当初,我的第一个主人打定了残酷的计划,要将他的那些妇人交给我看管,并且百般威胁利诱,强迫我从此以后永成残缺不全的人。那时,我对最艰苦的差役发生了厌倦,打算牺牲我的情欲,借以换取安逸和富裕的生活。我真倒楣!在我分神的脑海中,我只看见补偿,没有看见损失。因为我当初希望,由于无力满足爱情,正好借此挣脱情网。唉!人家在我身上灭绝了情欲之果,而没有消除情欲之因。于是,远远不曾使我减轻情欲的负荷,周围的一切,反而不断地刺激我的情欲。一进后房,一切都引起我对于我所丧失的事物的悔恨:我觉得无时无刻不在兴奋中,千娇百媚,好像为了使我懊丧,才故意出现在我眼前。我的不幸真是到了极点,因为在我眼前,永远有一个幸福的男子存在。在那心烦意乱的时期,我每次将妇人领到主人床上,每次替妇人脱掉衣裳,回来的时候,心中必定燃烧着无可奈何的狂怒,灵魂充满可怕的绝望。
我悲惨的青春就是这样度过的。除我自己以外,我没有一个心腹,我满怀苦闷和忧郁,不得不忍气吞声,以前我企图用那么温柔的眼光观看女人,那时只好用严厉的眼光去看她们。如果被她们看穿,我就完了。她们利用我的弱点,什么便宜不想占?
记得有一天,我伺候一个妇人洗澡。我情不自禁到失却了全部理智,竟敢用手接触某一可怕的地方。当时我的第一个念头,认为我生命的末日到临了。幸亏我还算运气,避免了酷刑和惨死。可是那个美人,手中掌握了我的弱点作为把柄,使我付出很高的代价,来换取她的缄默:对于她,我的权威完全丧失;从此她强迫我冒了千百次生命危险,去做委曲求全的事。

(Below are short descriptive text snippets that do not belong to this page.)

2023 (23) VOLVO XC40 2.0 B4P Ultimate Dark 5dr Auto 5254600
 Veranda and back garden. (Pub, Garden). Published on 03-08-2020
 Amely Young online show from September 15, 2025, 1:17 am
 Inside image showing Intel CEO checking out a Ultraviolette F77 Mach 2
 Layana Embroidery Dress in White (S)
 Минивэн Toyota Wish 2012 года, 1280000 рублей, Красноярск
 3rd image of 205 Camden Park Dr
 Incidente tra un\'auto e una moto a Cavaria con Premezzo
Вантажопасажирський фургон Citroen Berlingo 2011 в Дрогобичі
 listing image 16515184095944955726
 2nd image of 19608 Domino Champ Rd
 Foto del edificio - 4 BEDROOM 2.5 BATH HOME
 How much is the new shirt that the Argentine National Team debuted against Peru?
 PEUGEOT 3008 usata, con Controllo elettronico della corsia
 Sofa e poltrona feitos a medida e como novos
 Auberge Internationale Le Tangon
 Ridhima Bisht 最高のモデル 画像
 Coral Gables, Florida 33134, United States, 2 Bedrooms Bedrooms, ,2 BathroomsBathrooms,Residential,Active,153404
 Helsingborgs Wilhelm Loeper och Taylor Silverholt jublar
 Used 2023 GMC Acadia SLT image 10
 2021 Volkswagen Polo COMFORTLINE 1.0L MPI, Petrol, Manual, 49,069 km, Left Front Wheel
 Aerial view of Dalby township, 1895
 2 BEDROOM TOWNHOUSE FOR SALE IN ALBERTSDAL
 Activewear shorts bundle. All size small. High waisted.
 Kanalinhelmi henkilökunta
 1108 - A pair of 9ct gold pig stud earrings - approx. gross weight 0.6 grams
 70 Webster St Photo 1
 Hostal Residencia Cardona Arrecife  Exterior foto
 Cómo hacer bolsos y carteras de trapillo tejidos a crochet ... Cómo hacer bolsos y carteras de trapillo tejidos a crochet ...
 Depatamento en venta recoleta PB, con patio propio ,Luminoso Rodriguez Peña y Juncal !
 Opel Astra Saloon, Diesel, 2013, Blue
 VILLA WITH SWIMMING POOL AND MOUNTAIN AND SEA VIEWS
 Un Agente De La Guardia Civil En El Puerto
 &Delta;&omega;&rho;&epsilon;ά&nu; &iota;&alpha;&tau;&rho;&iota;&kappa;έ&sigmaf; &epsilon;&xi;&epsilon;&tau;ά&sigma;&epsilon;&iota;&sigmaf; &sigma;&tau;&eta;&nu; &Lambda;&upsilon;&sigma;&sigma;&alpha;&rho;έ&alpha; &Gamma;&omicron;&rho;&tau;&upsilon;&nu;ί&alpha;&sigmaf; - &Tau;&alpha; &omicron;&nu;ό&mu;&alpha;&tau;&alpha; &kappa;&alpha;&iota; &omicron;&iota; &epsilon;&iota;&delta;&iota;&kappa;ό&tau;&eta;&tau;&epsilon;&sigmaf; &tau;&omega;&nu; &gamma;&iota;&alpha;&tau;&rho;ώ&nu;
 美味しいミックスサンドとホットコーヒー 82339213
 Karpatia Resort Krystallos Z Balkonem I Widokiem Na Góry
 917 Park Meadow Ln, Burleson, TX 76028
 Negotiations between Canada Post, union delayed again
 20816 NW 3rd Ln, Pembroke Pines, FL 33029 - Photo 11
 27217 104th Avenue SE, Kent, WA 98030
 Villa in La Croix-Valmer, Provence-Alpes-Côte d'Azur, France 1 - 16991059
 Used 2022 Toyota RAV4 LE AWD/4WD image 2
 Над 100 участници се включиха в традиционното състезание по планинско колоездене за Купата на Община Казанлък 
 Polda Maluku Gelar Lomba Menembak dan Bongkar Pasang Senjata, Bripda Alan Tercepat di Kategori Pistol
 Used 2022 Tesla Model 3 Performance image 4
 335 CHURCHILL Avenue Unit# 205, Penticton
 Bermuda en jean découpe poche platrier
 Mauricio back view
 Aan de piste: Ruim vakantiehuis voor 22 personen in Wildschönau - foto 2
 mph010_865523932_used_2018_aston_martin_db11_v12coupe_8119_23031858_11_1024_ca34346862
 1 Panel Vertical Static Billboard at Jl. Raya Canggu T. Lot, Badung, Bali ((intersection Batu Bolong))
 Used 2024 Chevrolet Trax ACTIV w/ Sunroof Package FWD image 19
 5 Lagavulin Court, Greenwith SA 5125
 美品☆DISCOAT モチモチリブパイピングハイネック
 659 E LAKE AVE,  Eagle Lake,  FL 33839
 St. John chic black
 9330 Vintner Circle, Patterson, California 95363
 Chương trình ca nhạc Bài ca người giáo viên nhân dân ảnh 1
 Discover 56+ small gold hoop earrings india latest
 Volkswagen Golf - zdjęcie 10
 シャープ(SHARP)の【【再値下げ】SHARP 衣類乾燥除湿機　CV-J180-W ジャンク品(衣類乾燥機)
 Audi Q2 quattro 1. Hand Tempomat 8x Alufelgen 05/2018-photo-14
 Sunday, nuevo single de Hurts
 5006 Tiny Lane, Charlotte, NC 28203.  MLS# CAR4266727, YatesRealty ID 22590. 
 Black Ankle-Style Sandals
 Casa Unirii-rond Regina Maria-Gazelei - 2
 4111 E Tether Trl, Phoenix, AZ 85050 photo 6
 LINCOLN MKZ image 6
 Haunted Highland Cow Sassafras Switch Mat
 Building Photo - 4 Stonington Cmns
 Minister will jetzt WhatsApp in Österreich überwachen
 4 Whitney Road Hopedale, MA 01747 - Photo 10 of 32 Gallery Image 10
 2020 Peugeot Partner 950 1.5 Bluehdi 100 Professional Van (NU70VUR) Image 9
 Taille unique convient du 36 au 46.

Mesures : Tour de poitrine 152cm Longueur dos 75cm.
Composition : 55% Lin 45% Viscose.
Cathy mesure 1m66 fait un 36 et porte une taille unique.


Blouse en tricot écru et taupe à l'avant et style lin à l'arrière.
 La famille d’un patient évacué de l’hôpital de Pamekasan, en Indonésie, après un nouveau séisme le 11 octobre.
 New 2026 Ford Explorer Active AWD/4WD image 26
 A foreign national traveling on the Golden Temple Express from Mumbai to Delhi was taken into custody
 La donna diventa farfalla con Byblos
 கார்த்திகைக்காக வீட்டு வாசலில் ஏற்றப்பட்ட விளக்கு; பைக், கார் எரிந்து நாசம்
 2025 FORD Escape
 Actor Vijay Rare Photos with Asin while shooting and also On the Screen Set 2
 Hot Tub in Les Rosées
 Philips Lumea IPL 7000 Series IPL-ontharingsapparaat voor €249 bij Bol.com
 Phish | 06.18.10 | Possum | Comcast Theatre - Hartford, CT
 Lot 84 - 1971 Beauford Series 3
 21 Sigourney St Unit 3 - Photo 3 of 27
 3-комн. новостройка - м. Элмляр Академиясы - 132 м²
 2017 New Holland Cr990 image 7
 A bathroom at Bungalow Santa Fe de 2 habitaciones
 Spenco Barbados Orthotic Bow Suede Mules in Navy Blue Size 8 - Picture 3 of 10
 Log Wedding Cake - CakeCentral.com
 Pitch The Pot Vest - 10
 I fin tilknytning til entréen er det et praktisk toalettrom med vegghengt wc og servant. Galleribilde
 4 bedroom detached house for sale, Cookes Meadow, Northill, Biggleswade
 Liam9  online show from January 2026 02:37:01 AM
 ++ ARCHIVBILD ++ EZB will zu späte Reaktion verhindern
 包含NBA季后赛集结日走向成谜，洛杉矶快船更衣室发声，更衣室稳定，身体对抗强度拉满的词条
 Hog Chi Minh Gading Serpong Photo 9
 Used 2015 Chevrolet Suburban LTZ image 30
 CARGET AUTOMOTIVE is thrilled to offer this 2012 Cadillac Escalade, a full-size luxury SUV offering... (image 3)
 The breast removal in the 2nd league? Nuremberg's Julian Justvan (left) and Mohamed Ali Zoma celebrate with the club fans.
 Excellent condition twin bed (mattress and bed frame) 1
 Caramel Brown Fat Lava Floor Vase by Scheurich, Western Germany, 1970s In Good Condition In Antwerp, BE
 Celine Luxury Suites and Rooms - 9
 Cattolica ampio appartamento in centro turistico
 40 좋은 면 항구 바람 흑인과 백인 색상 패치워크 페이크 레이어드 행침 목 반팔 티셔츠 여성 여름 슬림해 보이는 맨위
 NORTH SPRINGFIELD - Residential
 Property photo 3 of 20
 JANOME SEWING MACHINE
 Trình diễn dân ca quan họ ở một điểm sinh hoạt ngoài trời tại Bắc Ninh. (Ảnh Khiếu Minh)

最后,青春的火焰熄灭了:我老了,在这方面进入平静的境界;我用漠不关心的眼光看那些女人;过去她们鄙视我、折磨我、使我痛苦,现在我以同样待遇好生回敬她们。我永远记得,我是为了指挥她们而生在世上的,遇到对她们发号施令的机会,我仿佛觉得自己重新成了男子汉。自从我用冷静的头脑观察她们,并且通过我的理智发现她们的全部弱点以后,她们就成了我憎恨的对象。虽然我替别人看守她们,但是她们唯唯听命,对于我不但是一种乐趣,而且是暗暗的欢喜。我剥夺她们的一切,仿佛她们为我而受罪,因而我总能得到间接的满足。我在后房内院好比在我的小小帝国中一样,于是我的野心--我身上所剩的惟一热情,也稍稍满足。我看见周围的一切都依靠我来进行,无时无刻不需要我,心中很高兴。我甘心情愿,负担全体妇人对我的憎恨,这憎恨巩固了我在后房内院的职位。因此,她们并不是和一个忘恩负义之人打交道,她们最天真无邪的乐趣,我总是先意承志地满足她们。我在她们面前,永远像一座不可动摇的栅栏:她们出主意、订计划,我突然间出来拦阻。我以“拒绝”武装自己;我满腹顾虑,好比刺猬遍身是刺;我三句不离口的无非天职、德行、廉耻、谦虚等字眼。我不断地对她们谈女性的软弱和主人的威权,使她们懊丧绝望。接着,我又自怨自艾,说我如此严厉,实在出于无奈,好像我要她们了解,我除了她们的利益,除了对她们十分关心之外,没有别的动机。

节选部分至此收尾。